DESCRIPTION (provided by applicant): The proposed light-activated oligonucleotides will make it possible to turn genes "off" or "on" in living cells and zebrafish with very high spatiotemporal resolution, and probe the precise functions of different proteins using a state-of-the-art UV confocal microscope. This will build on successful in vivo experiments in the PI's lab using light-activated antisense oligonucleotides. In Aim 1, we will develop two complementary methods for down-regulating gene expression with light using caged phosphorothioated DNA (S- DNA) to recruit RNase H or caged peptide nucleic acid (PNA) to sterically block the ribosome. Antisense (18-25-mer) S-DNA and PNA strands will be conjugated to a complementary oligonucleotide of variable length (8-16 nt) and composition (S-DNA, 2'-OMe RNA, PNA, LNA) via a photoactive linker. These conjugates will be optimized with in vitro assays to achieve at least 10-fold down-regulation of protein. In Aim 2, related RNA "bandages" will be developed by attaching two short (6-12mer) 2'-OMe RNA strands via a photocleavable linker. Binding the RNA bandage to a target mRNA sequence will block ribosomal translation until photocleavage occurs. The thermodynamic stability of the RNA bandages relative to the individual 2'-OMe RNA strands will be optimized using in vitro assays to achieve a 10-fold upregulation of protein. In Aim 3, fluorescent reporters will be developed that allow real-time monitoring of oligonucleotide photoactivation in living specimens. Strategies for down-regulating gene expression will be tested and optimized in leukemia cells (against c-myb), zebrafish (against chordin), and neurons (against GluR2). Several additional genes, including GFP, will be upregulated as proof-of-concept in these biological systems. This project will improve human health by creating tools for probing the function of important proteins in cancer cells, zebrafish, and neurons. Possible clinical applications include light-activated, less toxic gene therapies for human leukemia. Additional studies will explore how the spatial control of protein translation in zebrafish is important in hindbrain development and in dendrites is important for memory formation. We propose to develop light-activated oligonucleotides for down- and up-regulating gene expression with ultraviolet light, at high spatial and temporal resolution. These constructs will be tested and optimized in blood cells, zebrafish embryos, and neurons.

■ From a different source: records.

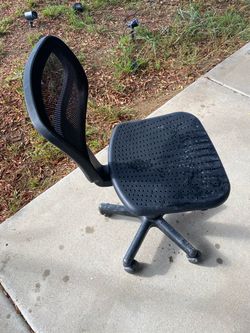 Free chair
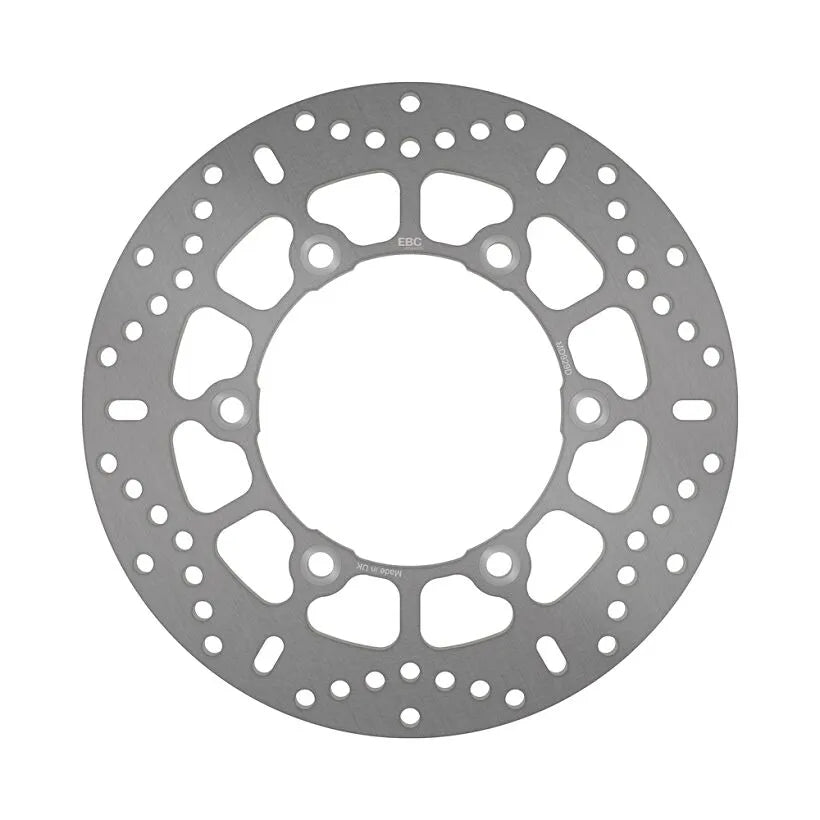 EBC Runde D-Serie Roller Bremsscheibe - Vorne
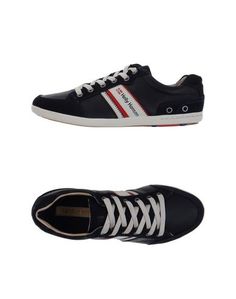Низкие кеды и кроссовки Helly Hansen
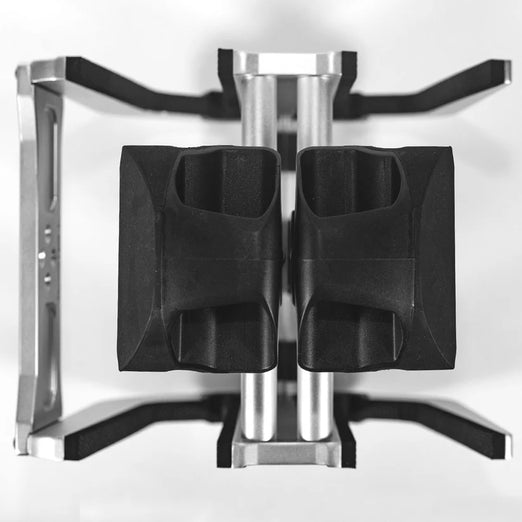 Roswell Triton Strapless Board Rack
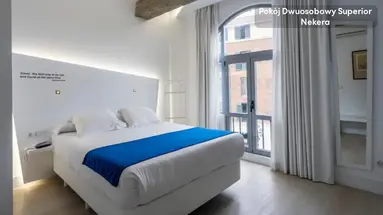Atarazanas Malaga Boutique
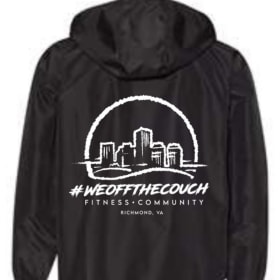 Champion Jacket item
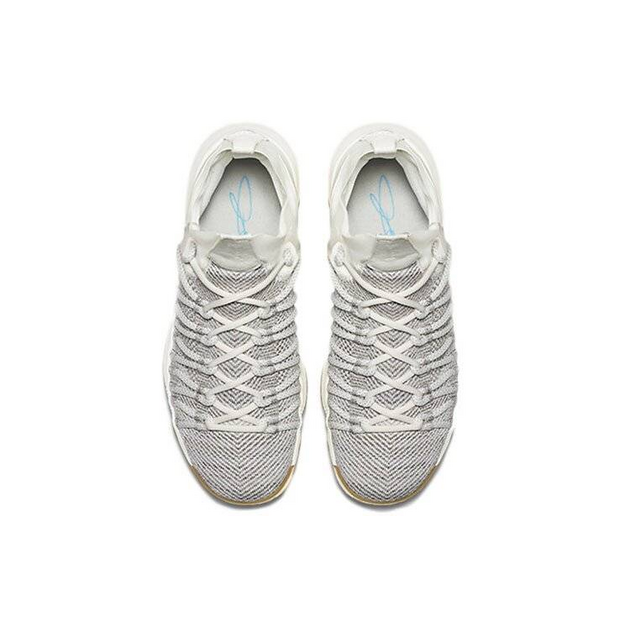 Nike KD 9 Elite Pale Grey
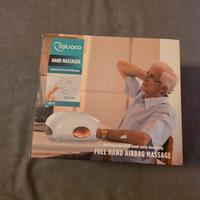 Massaggiatore mano Cotsoco con calore e compressio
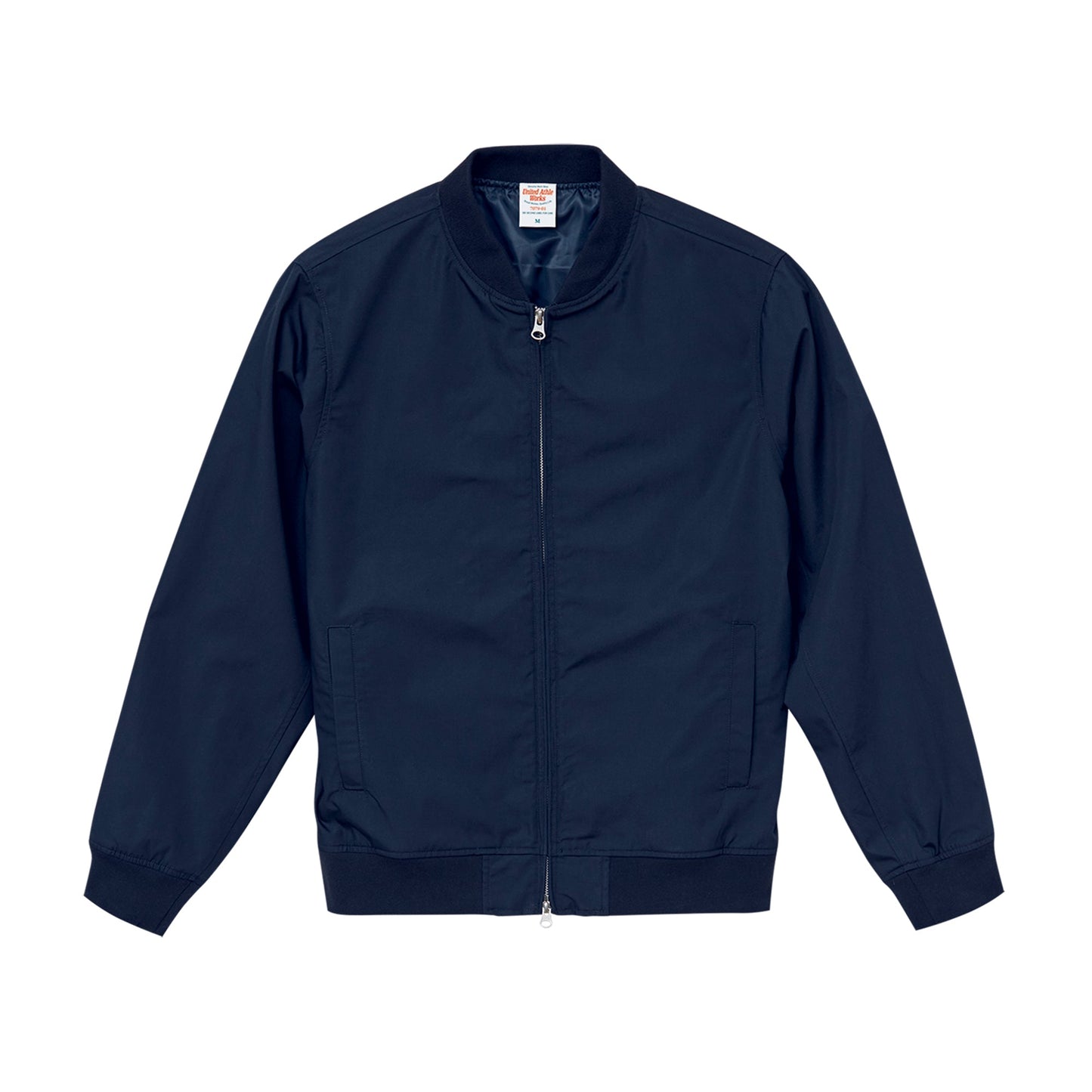 7079 - Stadium Jacket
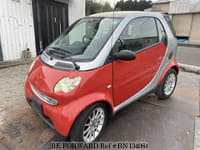 2003 SMART COUPE
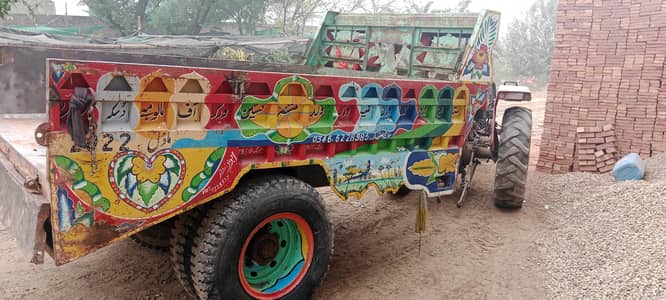 trolley for sale in Sialkot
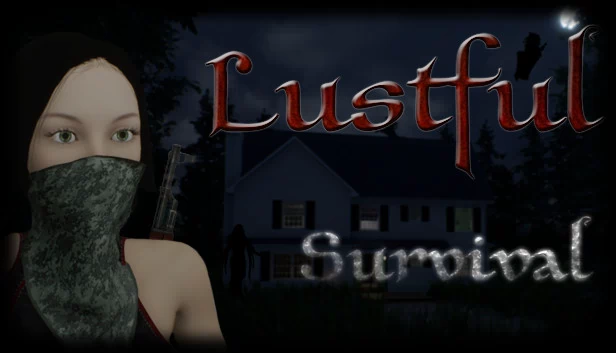 欲望生存（Lustful Survival） 游戏封面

描述（由申请人提供）：所提出的光激活寡核苷酸将能够以非常高的时空分辨率“关闭”或“打开”活细胞和斑马鱼中的基因，并使用状态探测不同蛋白质的精确功能。最先进的紫外共焦显微镜。这将建立在 PI 实验室使用光激活反义寡核苷酸成功的体内实验的基础上。在目标 1 中，我们将开发两种互补的方法，利用笼状硫代磷酸 DNA (S-DNA) 招募 RNase H 或笼状肽核酸 (PNA) 来立体阻断核糖体，从而用光下调基因表达。反义（18-25 聚体）S-DNA 和 PNA 链将通过光活性与可变长度（8-16 nt）和组成（S-DNA、2'-OMe RNA、PNA、LNA）的互补寡核苷酸缀合链接器。这些缀合物将通过体外测定进行优化，以实现至少 10 倍的蛋白质下调。在目标 2 中，将通过光可裂解接头连接两条短 (6-12mer) 2'-OMe RNA 链来开发相关的 RNA“绷带”。将 RNA 绷带与目标 mRNA 序列结合将阻止核糖体翻译，直到发生光裂解。 RNA绷带相对于单个2'-OMe RNA链的热力学稳定性将使用体外测定进行优化，以实现蛋白质的10倍上调。在目标 3 中，将开发荧光报告基因，以实时监测活体标本中寡核苷酸的光活化。将在白血病细胞（针对 c-myb）、斑马鱼（针对 cordin）和神经元（针对 GluR2）中测试和优化下调基因表达的策略。包括 GFP 在内的几个额外基因将被上调，作为这些生物系统中的概念验证。该项目将通过创建探测癌细胞、斑马鱼和神经元中重要蛋白质功能的工具来改善人类健康。可能的临床应用包括针对人类白血病的光激活、毒性较小的基因疗法。其他研究将探讨斑马鱼蛋白质翻译的空间控制如何在后脑发育中发挥重要作用，以及树突中蛋白质翻译的空间控制如何对记忆形成发挥重要作用。我们建议开发光激活寡核苷酸，用于用紫外线以高空间和时间分辨率下调和上调基因表达。这些构建体将在血细胞、斑马鱼胚胎和神经元中进行测试和优化。